Scott Neuman, of Overland Park, shares his recipe for “Scott’s Spectacular Chocolate Chip Cookies.” Special to the Star

Scott Neuman enjoys cooking meals for his family, even though he is busy and works long hours in his restaurant furniture business. He and his wife Rhonda live in Overland Park, where they raised two adult children.

Q: Where did your love of cooking come from?

Both my mom and dad both loved to cook. My mom always baked bread, so I didn’t even taste sliced, store-bought bread until I went to college.

Q: What are some of your family’s favorite dishes?

After my wife and daughter went to France, they asked for boeuf bourguignon like they had enjoyed there, so I perfected my recipe and make it often. Family favorites also include spaghetti pie and the salted caramels and kettle corn that I make. Fresh, homemade salsa is a hit, especially during the summer, when I make two or three batches each week.
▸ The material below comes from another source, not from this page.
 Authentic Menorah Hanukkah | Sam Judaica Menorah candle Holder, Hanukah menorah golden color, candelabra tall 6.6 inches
Q: Tell us about your chocolate chip cookies.

I wanted to bake a great cookie, so I tried maybe 20 different recipes before finally hitting on this one. Then I tweaked that recipe a little, so now my family and friends think it is just perfect and I bake a batch just about any time they are coming over. It is a little unusual as it uses a combination of cake flour and bread flour instead of just all-purpose flour. Also, the sea salt on top of each cookie is a great flavor addition.

When making the cookies, always use the best ingredients you can get. For example, I switched from regular grocery store butter to European butter that I buy at a membership wholesale store. And I think using top quality Madagascar vanilla makes a real difference.
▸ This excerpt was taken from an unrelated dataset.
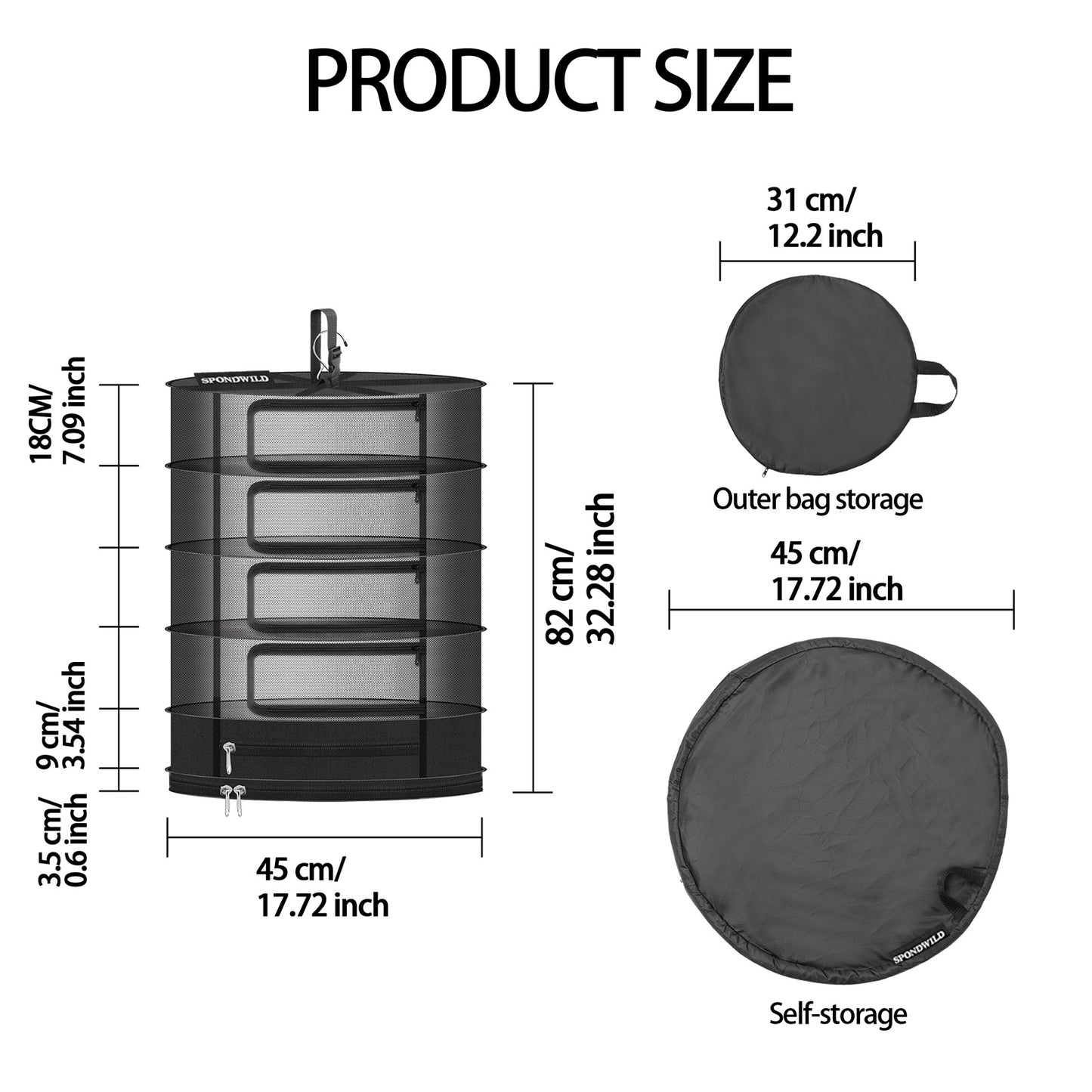 SPONDWILD Herb Drying Rack Hanging Mesh, Medium 5 Layer Plant Drying Rack with Door Type Zipper & Closed Storage Compartment for Folding Basket Dryer Fitting in Grow Tents, Garden Outdoor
For the bittersweet chocolate discs or chunks, buy 60 percent cocoa ones and no matter whether you are using semisweet chocolate or bittersweet chocolate, use a good quality chocolate.
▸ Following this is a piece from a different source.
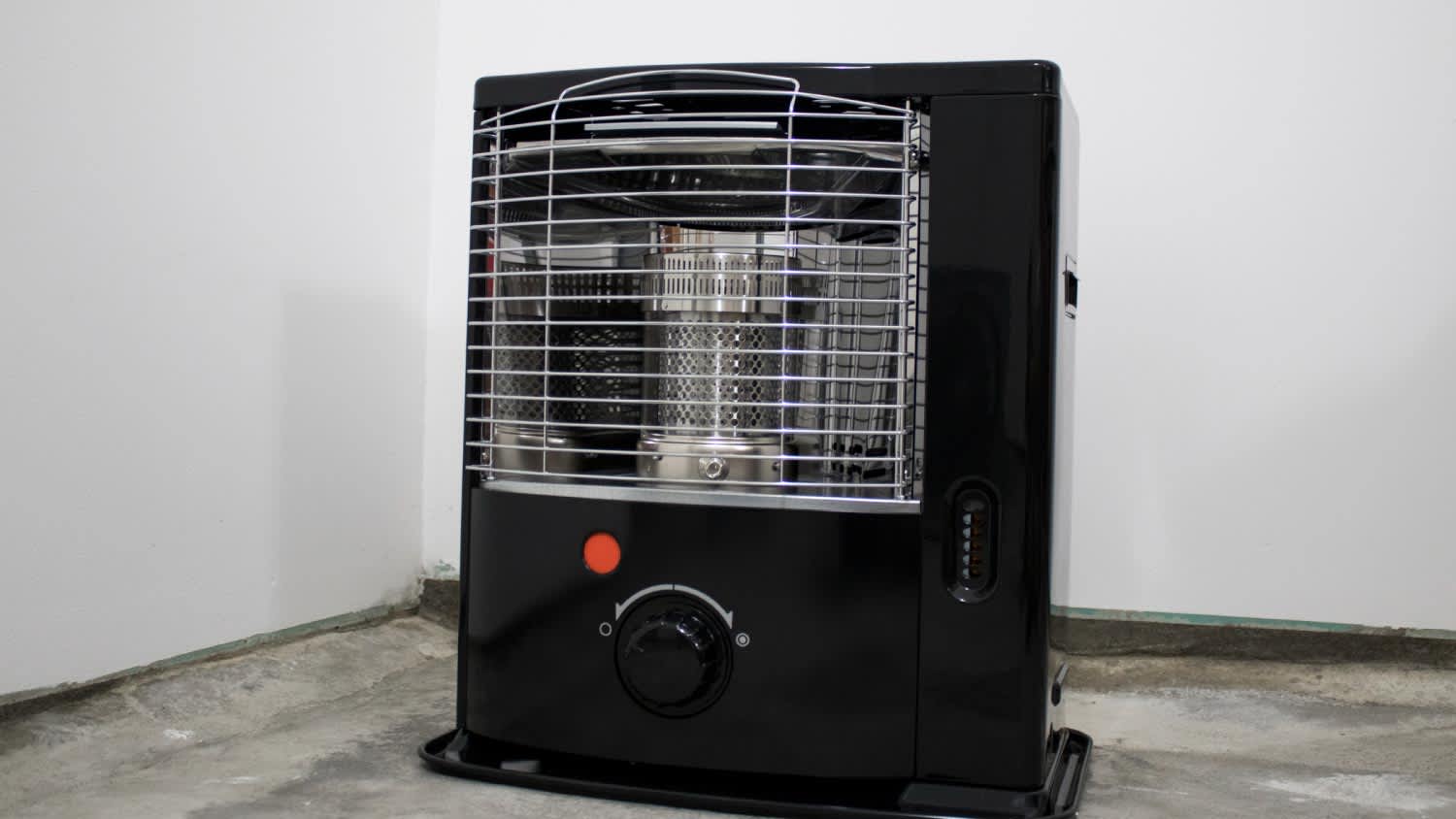 A black gas heater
For the best flavor, I think it is best to make the cookie dough one day, then cover and refrigerate the dough for a day or two before baking them. Be sure to measure carefully. In fact, when making these cookies, I weigh the dough for each one so the cookies are very consistent in size.

Q: Do you have a tip for others who are busy and want to save time when cooking dinner?

After a long day at work, I am often planning our dinner as I am driving home. However, when buying the pantry ingredients for my favorite recipes, I always buy enough for two batches, then store one set of those staple ingredients together in the pantry. It makes it easier to prepare our favorite recipes for dinner.

Q: Do you have a suggestion for those just learning to cook?

Don’t give up. You cannot succeed without failures.

Scott’s Spectacular Chocolate Chip Cookies

Makes about 1½ dozen 5-inch cookies

2 cups cake flour

1 2/3 cups bread flour

1 ½ teaspoons baking powder

1 ½ teaspoons salt

1 ¼ teaspoons baking soda

1 cup + 6 tablespoons unsalted butter, softened

1 ¼ cups packed light brown sugar

1 cup sugar

2 large eggs

2 teaspoons pure vanilla extract

3 ½ cups bittersweet chocolate discs

Coarse sea salt, to sprinkle on top before baking

Preheat the oven to 350 degrees. Line a baking sheet with parchment paper.

In a large bowl, stir together the flours, baking powder, salt and baking soda. Set aside.

Using a heavy-duty stand mixer with a paddle attachment, at medium high speed, beat together the butter and sugars until the mixture is very light and fluffy, about 5 minutes.

Beat in the eggs, one at a time, mixing well after each addition. Beat in the vanilla.

Reduce the speed to very low and add the flour mixture, blending until just combined.

Gently, using a wooden spoon, mix in the chocolate.

Using a large cookie scoop, dip out a ball of the dough about the size of a golf ball. Each ball of dough should weigh 3 ½ ounces. Press each ball of dough into a biscuit cutter so all of the cookies are the same size and bake uniformly.

Arrange the cookies about 3 to 4 inches apart on the prepared baking sheet. (Each baking sheet will only hold about 6 cookies; do not crowd.) Sprinkle each cookie with coarse sea salt.

Bake until golden brown, about 18 to 20 minutes. Do not overbake, as baked cookies should still be soft. Allow the cookies to cool on the sheet for 10 minutes. Remove the cookies to a wire rack to cool. Repeat with the remaining dough.

Tip: Substitute semisweet chocolate chips for the bittersweet discs for a more traditional flavor.